With rare exceptions, courts universally recognize marriages that are valid where they were performed — a concept called “lex loci contractus.”
But state courts in the United States could decide “the Canadian marriage is so offensive to the public policy of that state that it’s not going to be recognized,” said Toronto lawyer Douglas Elliott, victorious lead counsel in the case that legalized same-sex “marriage” there. “The marriage of a Canadian couple is more likely to be recognized than an American couple that came to Canada to get around restrictions in the United States.”
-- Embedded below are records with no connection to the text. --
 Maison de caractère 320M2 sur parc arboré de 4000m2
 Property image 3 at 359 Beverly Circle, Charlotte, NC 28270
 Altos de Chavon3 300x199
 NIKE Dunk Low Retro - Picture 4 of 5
Such couples would also face the untested Defense of Marriage Act, signed into law by President Clinton in 1996. That law defines marriage as “a legal union between one man and one woman,” and requires that any federal law or agency dealing with marriage use that definition.
U.S. and Canadian officials yesterday said they know of no treaty that requires states to honor Canadian marriage licenses, although they always have done so, and that fact could produce a challenge under the equal-protection clause of the Constitution’s 14th Amendment.
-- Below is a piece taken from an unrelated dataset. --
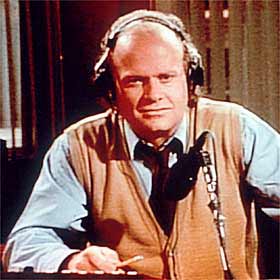 El protagonista de  Frasier , en el consultorio radiofónico de la serie.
“It’s not a question of a test case. It’s not a chess game. These people now are legally married. They are married. Their marriages may be discriminated against when they come to the United States,” said Evan Wolfson, of New York, executive director of Freedom to Marry, one of the five coalition groups.
Others seeking what they call “marriage equality” are Gay & Lesbian Advocates and Defenders in Boston, Lambda Legal Defense and Education Fund in New York, National Center for Lesbian Rights in San Francisco, and the ACLU Lesbian & Gay Rights Project in New York.
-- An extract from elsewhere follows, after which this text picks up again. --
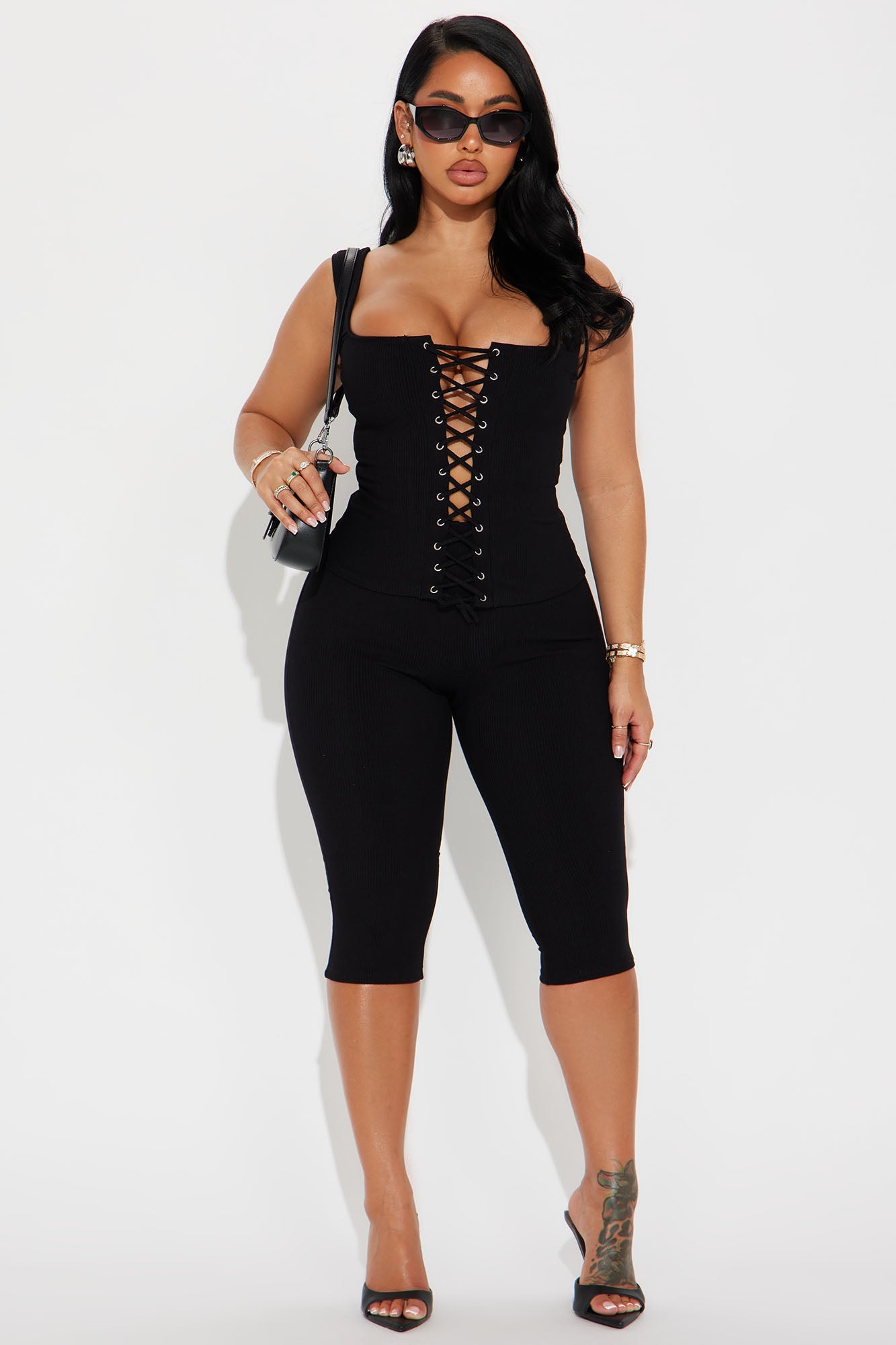https://cdn.shopify.com/s/files/1/0293/9277/files/07-01-24_S1_8_ST2007_Black_AZ_JS_10-29-54_98492_TT.jpg?v=1720027743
Bill Estey, of Metropolitan Community Churches in Toronto, was taking telephone appointments yesterday for weddings — at a $300 fee, not including the $110 wedding license — one day after Canada’s Cabinet approved a policy that Prime Minister Jean Chretien said “legally recognizes the union of same-sex couples.”
“We have done quite a number, and I have three American couples at the moment,” said Mr. Estey, who said he has no idea what legal frontiers those nuptials will encounter.
“All we have said to the American people who call is, we will marry them here, but they need to check with their lawyers in the state in which they live,” Mr. Estey said, indicating surprise that callers seem unworried about legal points on immigration, taxes or inheritance rights.
“What they say is they will come up here and be legally married and deal with those legal questions at home.”
It is unlikely to be an easy task, Mr. Elliott said. “They’re going to have a fight. But you’ve got some really clever lawyers and some organizations in the United States who will help them.”
There are other early decisions to make until new license applications are printed. Since applicants’ sex is not requested, couples must decide who is the bride and who is the groom. The male couple and female couple whose Jan. 14, 2001, unions produced the Canadian test case tossed a coin to decide who was what, Mr. Elliott said.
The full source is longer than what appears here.